Полная версия:
Фальшивая монета
Он сунул монету в руку Кремнева; его голова тряслась.
– Да! Пусть – я подлец, Паша, но он, Полозов, взял у меня Варюшеньку, а я ее в сердце, вот здесь, выносил, – заговорил он снова с искаженным лицом, будто измятым муками. – Чувствуешь? Я ее пять лет здесь носил и о прибавке жалованья мечтал!
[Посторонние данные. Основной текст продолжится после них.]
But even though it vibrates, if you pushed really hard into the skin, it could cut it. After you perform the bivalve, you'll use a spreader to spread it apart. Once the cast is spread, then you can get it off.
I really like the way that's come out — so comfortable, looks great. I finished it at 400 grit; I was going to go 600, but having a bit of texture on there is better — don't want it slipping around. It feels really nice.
Так каково же мне это было, когда он ее с налету взял? А ведь я вижу это: Варюшенькины глазки лгать не умеют! Да, он пришел и взял! И я уступил. Варюшеньку уступил! А стула не уступлю! Нет! Не уступлю, Паша!
Губу Ласточкина дергало. Он бледнел все больше.
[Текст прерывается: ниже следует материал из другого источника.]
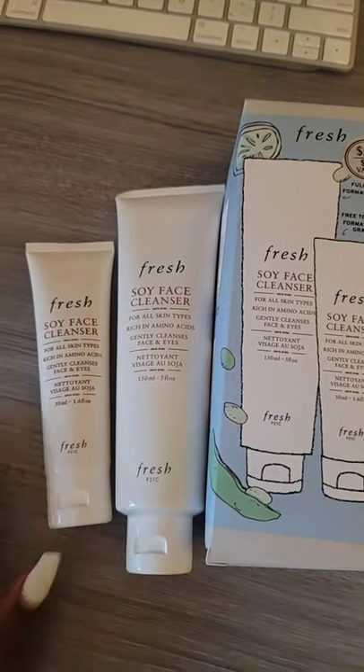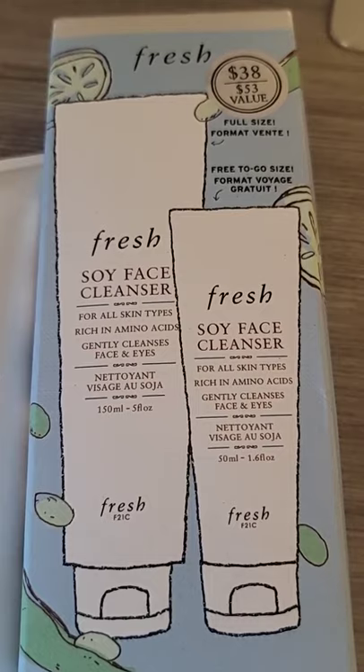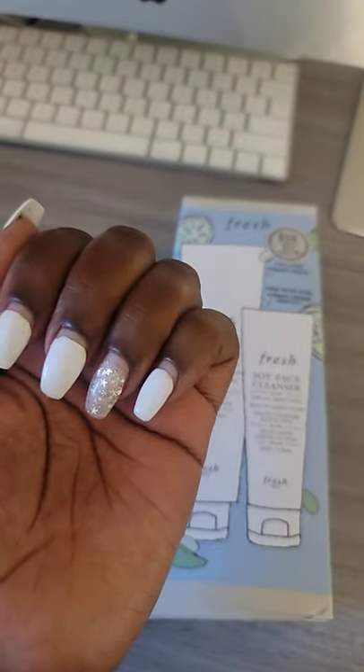Alright guys, I want to get back to beauty reviews. So I wanted to share with you, if you're an oldie but a goldie, you know I love this cleanser. This is the Soy Face Cleanser from Fresh. I do have a one brand review video on the Soy Face Cleanser.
– Не уступлю! Толкайся, да меру знай! Я – чиновник, а не ветошка, не судомойка! Возьми, когда так, Паша, монету! – добавил он сиплым шепотом.
Сергей Петрович стал утирать слезы. Кремнев опустил монету в карман и вздохнул:
– Ах, женщины, женщины!
В его карих глазах тоже стояли слезы.
– А ты приосанься, – шепнул он Сергею Петровичу, незаметно смахивая слезы. – Сейчас мы выйдем на ту самую поляну, знаешь, около старой березы-двойняшки? Приосанься, не ударь в грязь лицом. Слышишь? Нас ждут.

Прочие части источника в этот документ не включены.